_WORK ITEM_: Find each line of the material below in which the word "Blvd" occurs, and return it.

** DATA FOR ANALYSIS follows **

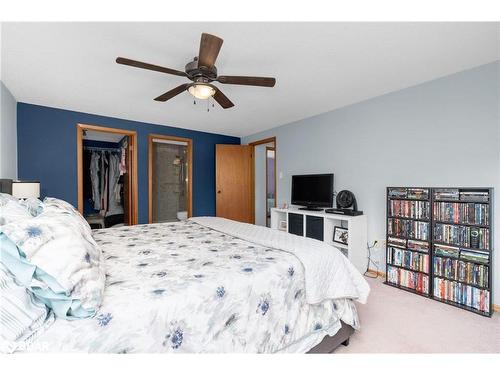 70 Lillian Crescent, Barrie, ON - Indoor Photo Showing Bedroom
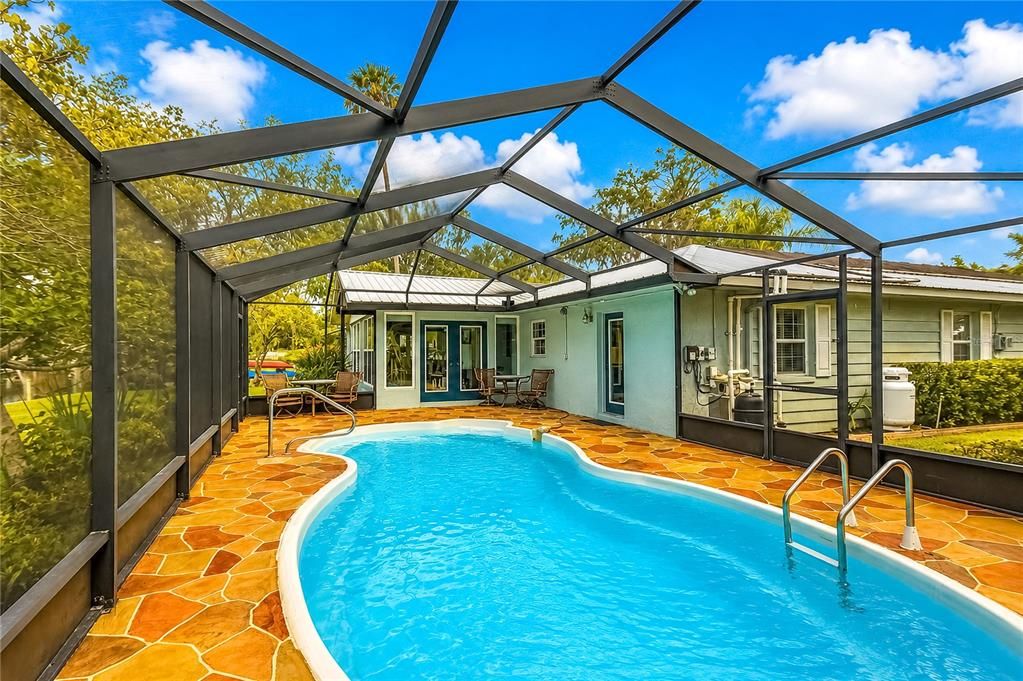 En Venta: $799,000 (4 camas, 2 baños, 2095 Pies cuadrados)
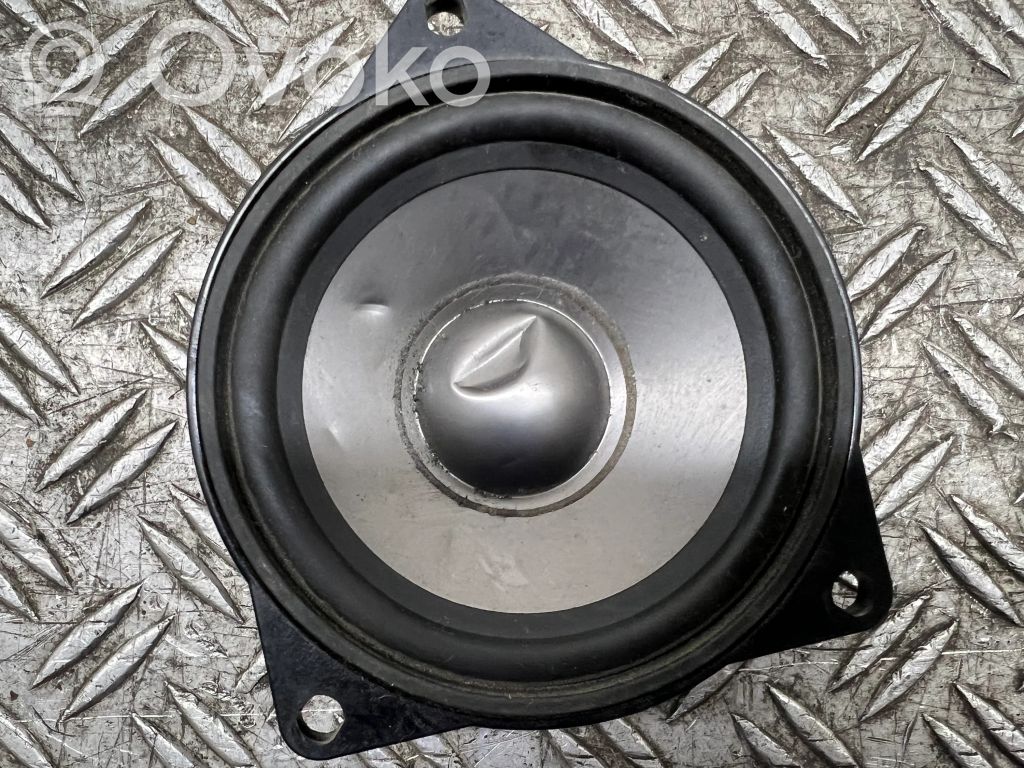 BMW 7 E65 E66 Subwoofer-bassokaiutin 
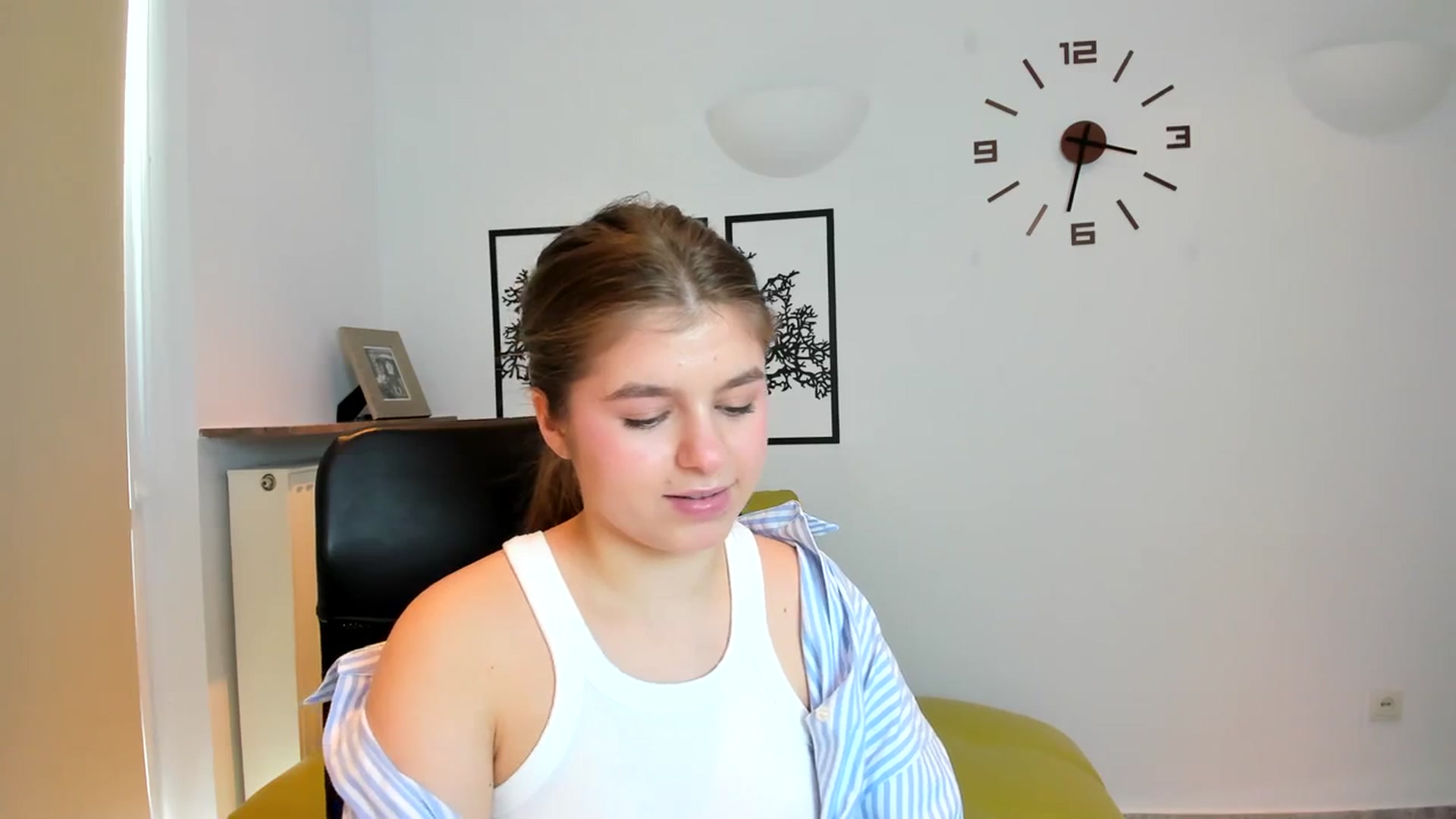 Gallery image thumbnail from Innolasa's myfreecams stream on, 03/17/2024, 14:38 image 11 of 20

** End of DATA FOR ANALYSIS **
** DATA FOR ANALYSIS follows **

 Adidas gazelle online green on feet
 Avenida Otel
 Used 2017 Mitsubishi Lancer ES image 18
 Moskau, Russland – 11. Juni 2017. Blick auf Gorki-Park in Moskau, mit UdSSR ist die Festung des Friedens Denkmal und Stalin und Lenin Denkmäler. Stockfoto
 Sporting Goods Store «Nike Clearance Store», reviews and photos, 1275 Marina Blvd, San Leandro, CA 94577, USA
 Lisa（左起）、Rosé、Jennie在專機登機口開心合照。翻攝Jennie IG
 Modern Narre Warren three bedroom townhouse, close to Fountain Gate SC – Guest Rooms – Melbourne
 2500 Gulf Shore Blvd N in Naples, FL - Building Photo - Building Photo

** End of DATA FOR ANALYSIS **

_OUTPUT FOR THIS TASK_:
 Sporting Goods Store «Nike Clearance Store», reviews and photos, 1275 Marina Blvd, San Leandro, CA 94577, USA
 2500 Gulf Shore Blvd N in Naples, FL - Building Photo - Building Photo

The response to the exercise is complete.